Stage director Johnathon Pape and designer Allen Charles Klein have transported the work from the 19th century to the years just after World War II, when Paris was recovering from Nazi occupation.
Virginia Opera fans have grown accustomed to such relocations this season. ``Simon Bolivar'' was set in a museum. The stark ``Salome'' had no particular time or place. Even the exquisite ``La traviata'' ended in a fantastic room filled with candles.
Between rehearsals last week, Pape (pronounced poppy) and Klein insisted that although they've updated ``boheme,'' they haven't meddled with its meaning.
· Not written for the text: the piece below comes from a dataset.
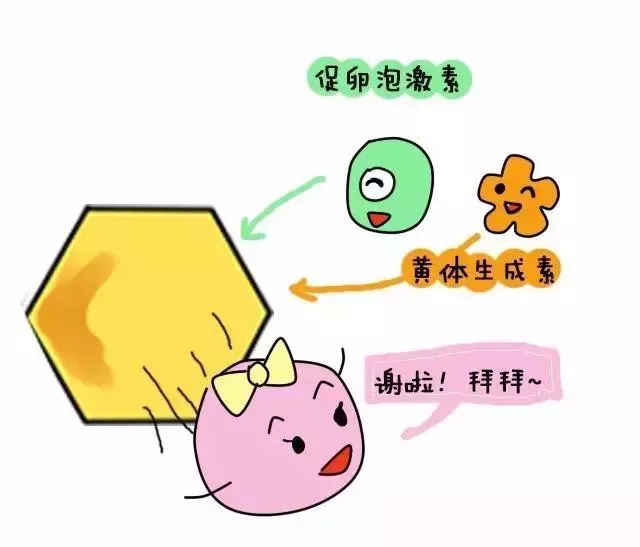 你知道借卵做试管婴儿移植后有哪些成功和失败的迹象吗？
Klein said they could use their set to play the opera the usual way ``by just changing a few posters, because Paris hasn't changed that much since the 1870s.''
Paris hasn't, but people have. Klein and Pape believe that moving the story up to the 1940s makes Rodolfo, Mimi and their friends more recognizable to modern audiences.
``Our intention isn't to shock,'' Klein said. ``It's not a scandalous production at all. It's not a perversion of it in any way, shape or form.''
The plot remains the same: The poet Rodolfo shares a studio with fellow artists. The tubercular Mimi knocks on the door because her candle has gone out. They fall in love. After quarreling and separating, they are reunited at her deathbed.
Tenor Donald Braswell, a Juilliard School graduate, and soprano Elizabeth Biggs are in the principal roles. A Milwaukee Sentinel critic wrote that Biggs, ``with her true, clear, clean voice and sensitive acting, epitomized the tragic figure of Mimi.''
The other pair of lovers, Marcello and Musetta, will be sung by Virginia Opera alumni Amy Johnson and Bojan Knezevic. Johnson was acclaimed for her work in ``Simon Bolivar,'' and Knezevic was a memorable Leporello in ``Don Giovanni.'' Assistant Artistic Director Jerome Shannon will conduct.
In this ``boheme,'' the singers wear modern clothes instead of period costumes, and American GIs stroll the Parisian streets.
``Lots of times, `boheme' is very prettified,'' said Pape, who is making his debut with the company.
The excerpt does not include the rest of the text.